As other events lead him toward mortal danger, Montalbano finds himself obsessively drawn to unearth the story of the two dead lovers. Not only must he learn what happened to them, but he must also confront the reasons why he finds their secret so absorbing. Is his interest, as the police commissioner suggests, merely a form of “mental masturbation”? Does he see some fleeting image of his own identity in the mysterious remains? Or is it that, in a world of corruption, violence, and deceit, he hopes to find some tattered remnant of purity and decency in the voiceless past? In this masterly novel, in which all explanations seem possible yet so much seems inexorably fated, Inspector Montalbano is less concerned with determining whodunit than with seeking rest for departed spirits and finding solace for his own.
ABOUT ANDREA CAMILLERIAndrea Camilleri’s Montalbano mystery series, bestsellers in Italy and Germany, has been adapted for Italian television and translated into German, French, Spanish, Portuguese, Greek, Japanese, Dutch, and Swedish. He lives in Rome.
DISCUSSION QUESTIONS FOR THE TERRA-COTTA DOGInspector Montalbano’s passion for food is a touchstone of his character. What, in your view, do the frequent descriptions of food contribute to this and, if you have read them, other Inspector Montalbano mysteries? Is it significant that Montalbano is so often shown eating, but so seldom preparing his own food?
Montalbano often uses questionable methods to achieve his goals, as when he uses blackmail photographs to intimidate Ingrid’s father-in-law. Do Montalbano’s ends always justify the means, or do you sometimes find his conduct unacceptable?
Alcide Maraventano suggests to Montalbano that life involves a vast system of diverse codes that people are always devising and deciphering. One such code is represented by the unlikely objects found near the mummified corpses of Lisetta and Mario. What kinds of messages can visual codes communicate that written words cannot? In what ways is The Terra-Cotta Dog a coded text?
In The Terra-Cotta Dog, Montalbano continues his vexed relationship with the press. Early in the novel, he barely makes it through his appearance at a press conference. Later in the book, however, he makes adroit use of the news media to prompt a key figure in the mystery to come forward. What has Montalbano learned about the manipulation of the media?

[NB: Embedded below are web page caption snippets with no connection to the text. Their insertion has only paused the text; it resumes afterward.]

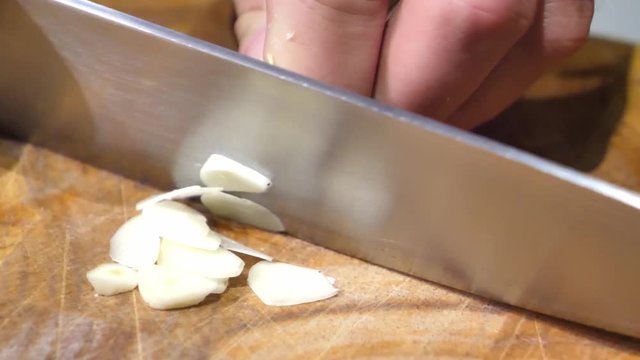 Chef Chopping Garlic with a Damascus Steel Knife on a Wooden Board - Close-Up Detail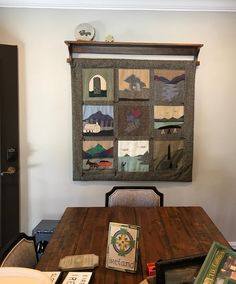 a wooden table topped with a quilted wall hanging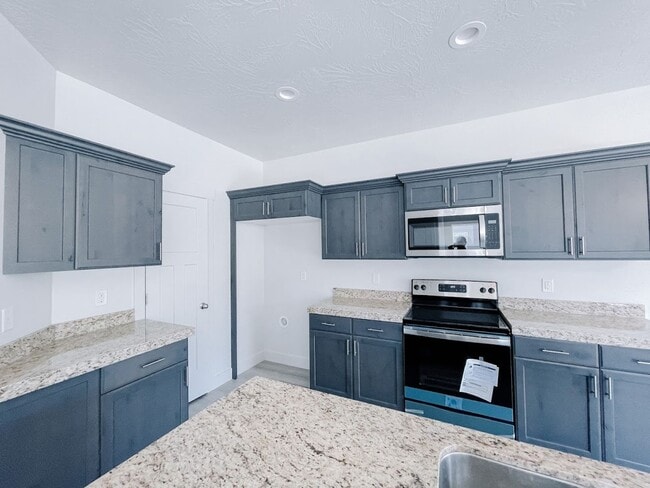 Building Photo - Brand New Idyllic Townhome in AF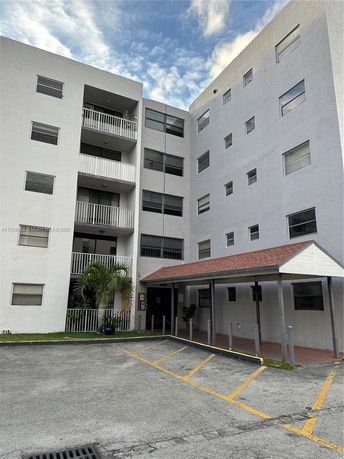Front view of a multi-story apartment building with balconies and a covered entrance.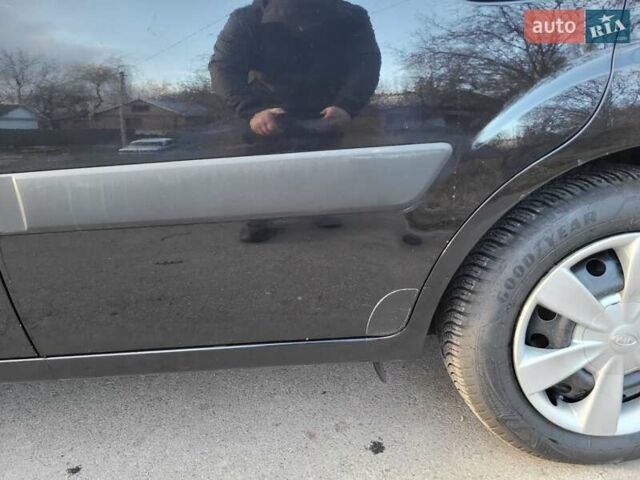 Чорний Кіа Ріо, об'ємом двигуна 1.4 л та пробігом 184 тис. км за 4800 $, фото 37 на Automoto.ua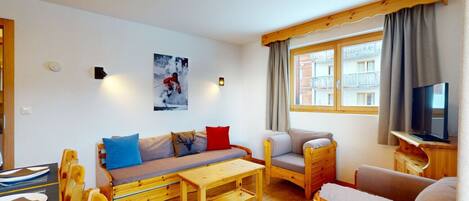 Une pièce confortable avec un canapé, une chaise en bois, une petite table et un téléviseur.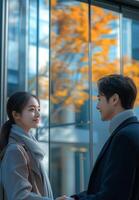 A couple standing in front of a building photo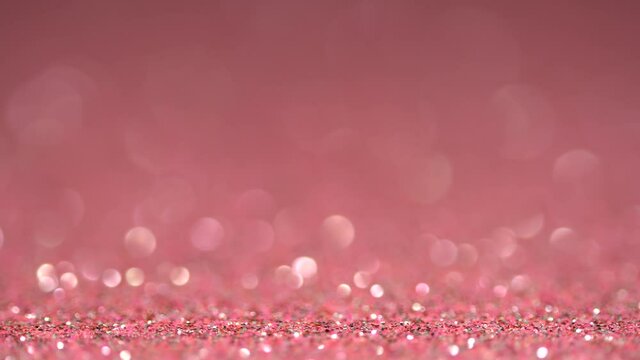 Pink shiny glitter sparkle texture macro. Beautiful bokeh holiday abstract background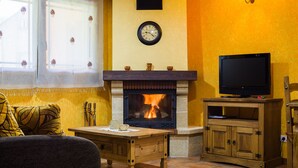 Ein gemütliches Wohnzimmer mit Kamin, Fernseher und einer Wanduhr.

Typically, detective fiction starts with a crime and moves linearly toward the apprehension of the perpetrator. Andrea Camilleri’s mysteries do not consistently follow this pattern. Rather, Camilleri uses the subgenre of the “police procedural” to engage thoughtfully in character development and to raise issues of moral ambiguity. How does Camilleri manage to resist some of the usual expectations of detective fiction while telling an engaging story?
In probing the mysteries of the Crasticeddru cave, Montalbano fears that he has desecrated both life and death. To feel that one has desecrated something, one must have a sense of the sacred. What, in the eyes of Inspector Montalbano, is sacred?
In The Terra-Cotta Dog, Montalbano is almost as frustrated by his law enforcement colleagues as he is bedeviled by the forces of the Sicilian underworld. How do the personality quirks and periodic incompetencies of the inspector’s fellow officers contribute to the atmosphere of Camilleri’s work?
Although Montalbano has rewarding friendships with women he respects intellectually, he routinely exasperates the women in his life who approach him with romantic intentions. How can it be that he is so comfortable with women on one level, but so ill at ease with them on another?
In the violent, corrupt milieu that is Vigàta, opportunities for redemption are scarce. If the possibility of redemption exists in The Terra-Cotta Dog, what are its sources? Despite its violence, is The Terra-Cotta Dog an essentially optimistic novel?